Subterranean structures in Japan

Shun Akiba, a former high-level foreign reporter, has identified hundreds of kilometers of Tokyo tunnels whose purpose is unknown and whose very existence is denied. What changed his life was finding an old map of Tokyo. Comparing it to a contemporary map, he found significant variations. « Close to the Diet in Nagata-cho, current maps show two subways crossing. In the old map, they are paralleled.
This inconsistency is just the first of seven riddles that he investigates in his book. The second reveals a secret underground complex between Kokkai-gijidomae and the prime minister’s residence. A prewar map (riddle No. 3) shows the Diet in a huge empty space surrounded by paddy fields: New maps (No. 4) are full of inconsistencies: « People are still trying to hide things. »
His book « Teito Tokyo Kakusareta Chikamono Himitsu » (« Imperial City Tokyo: Secret of a Hidden Underground Network »), published by Yosensha in late 2002, is already in its fifth edition. Yet Shun has found it impossible to get the media to take serious note, write reviews or offer interviews. But also he investigates three large buildings in Hibiya that share an enormous underground car park. “This space was there before the buildings were independently constructed. What was it for? ”

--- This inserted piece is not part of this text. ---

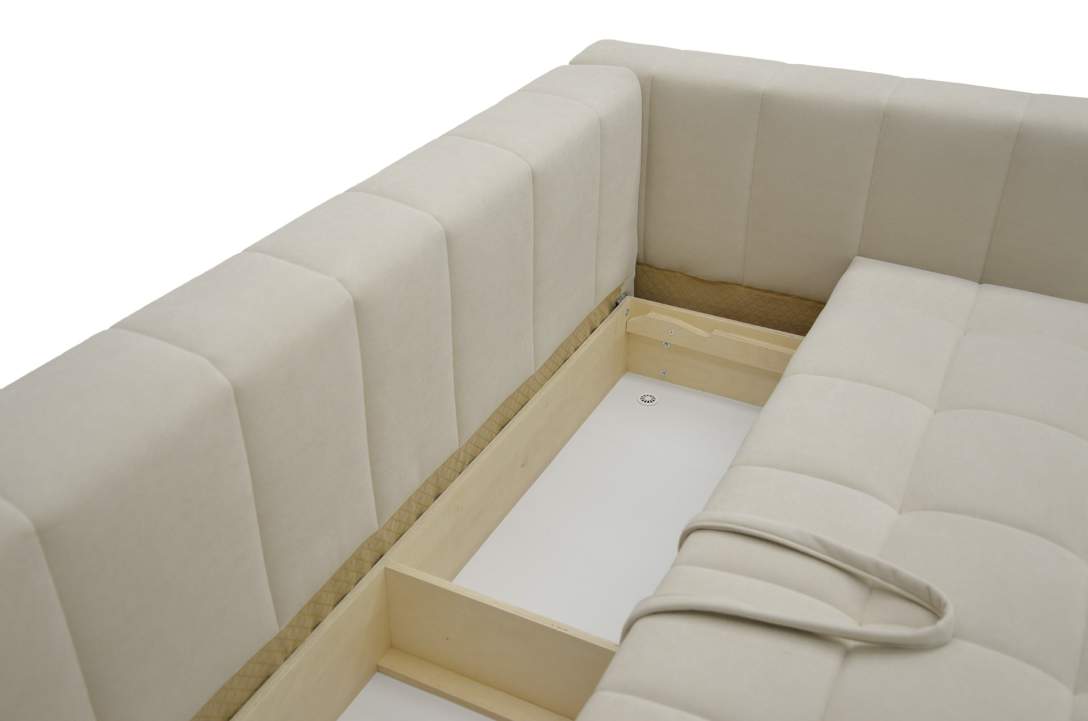 Прямой диван Энзо бежевый велюр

As for the Diet Library, this runs to eight floors underground, all closed to the public. A magazine that asks repeatedly to look around is always denied access. “Subway officials treat me as if I’m a drunk or a madman”, Shun notes with a smile. “Tokyo is said to have 12 subways and 250 km of tunneling. I’d say that last figure is closer to 2,000 km. It’s clear to me that the tunnels for the Namboku, Hanzomon and O-Edo lines existed before decisions were made to turn them into public subways.”